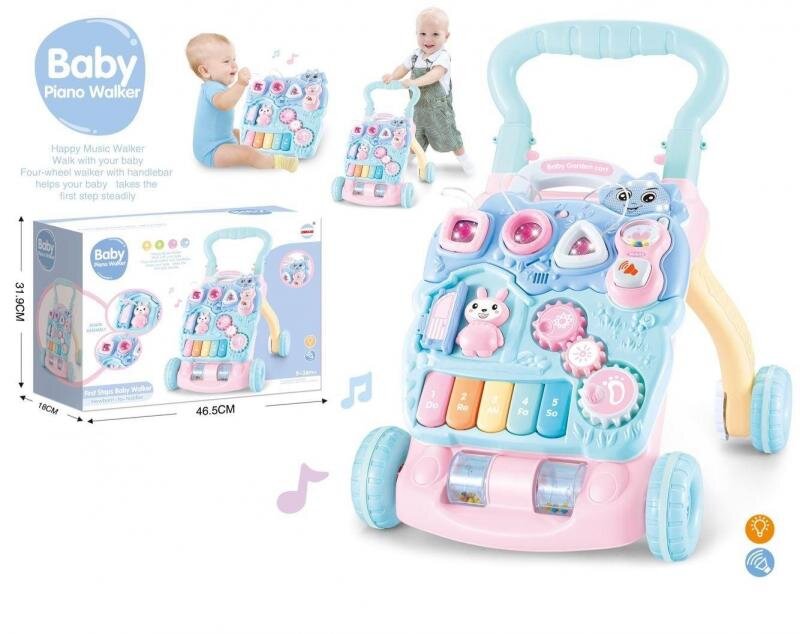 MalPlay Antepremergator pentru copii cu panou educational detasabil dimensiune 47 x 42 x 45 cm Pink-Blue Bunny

* * *

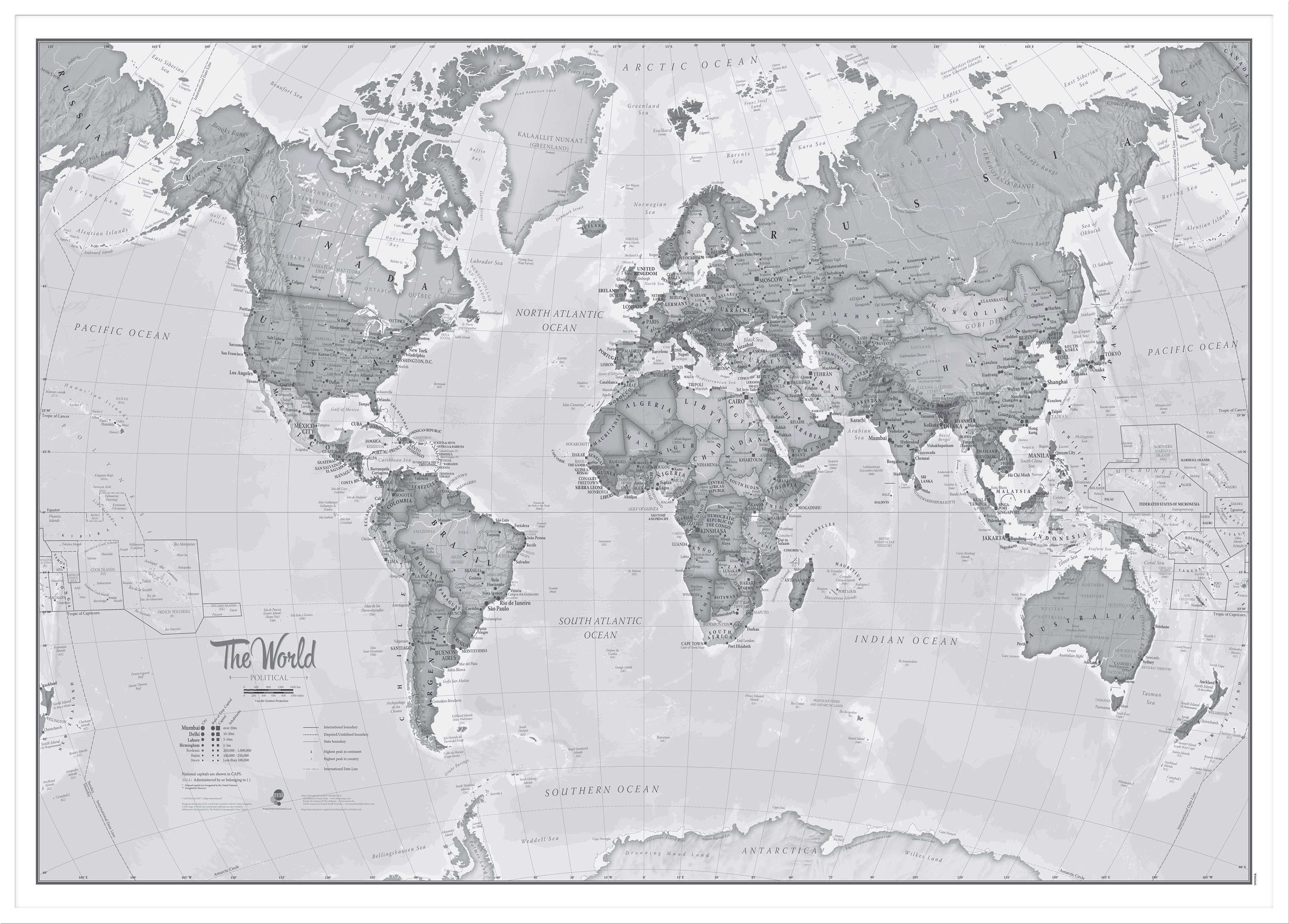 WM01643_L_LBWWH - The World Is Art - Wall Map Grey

--

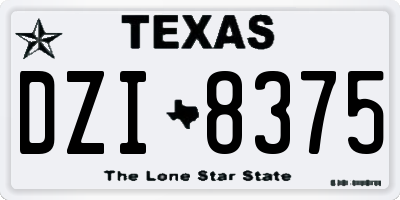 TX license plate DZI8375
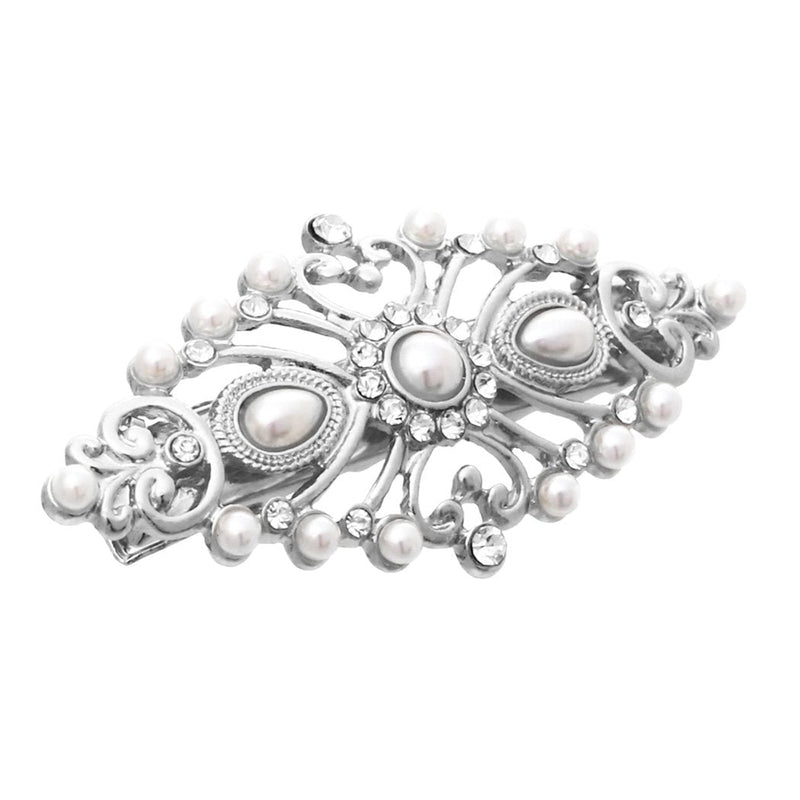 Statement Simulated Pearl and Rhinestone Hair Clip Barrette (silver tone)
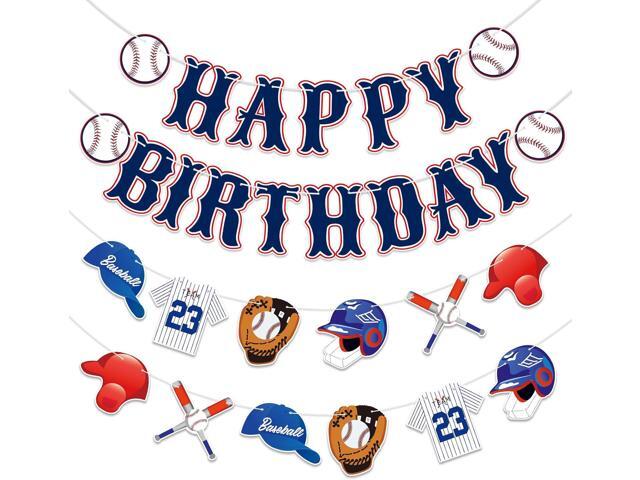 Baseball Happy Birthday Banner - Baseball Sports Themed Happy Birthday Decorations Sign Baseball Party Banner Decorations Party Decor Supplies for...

What this task involves:
Using the entries above, extract exactly the lines from the one that contains "TX license plate DZI8375" through the one that contains "Baseball Happy Birthday". Do not carry over any pictures.

Answer space:
 TX license plate DZI8375
 Statement Simulated Pearl and Rhinestone Hair Clip Barrette (silver tone)
 Baseball Happy Birthday Banner - Baseball Sports Themed Happy Birthday Decorations Sign Baseball Party Banner Decorations Party Decor Supplies for...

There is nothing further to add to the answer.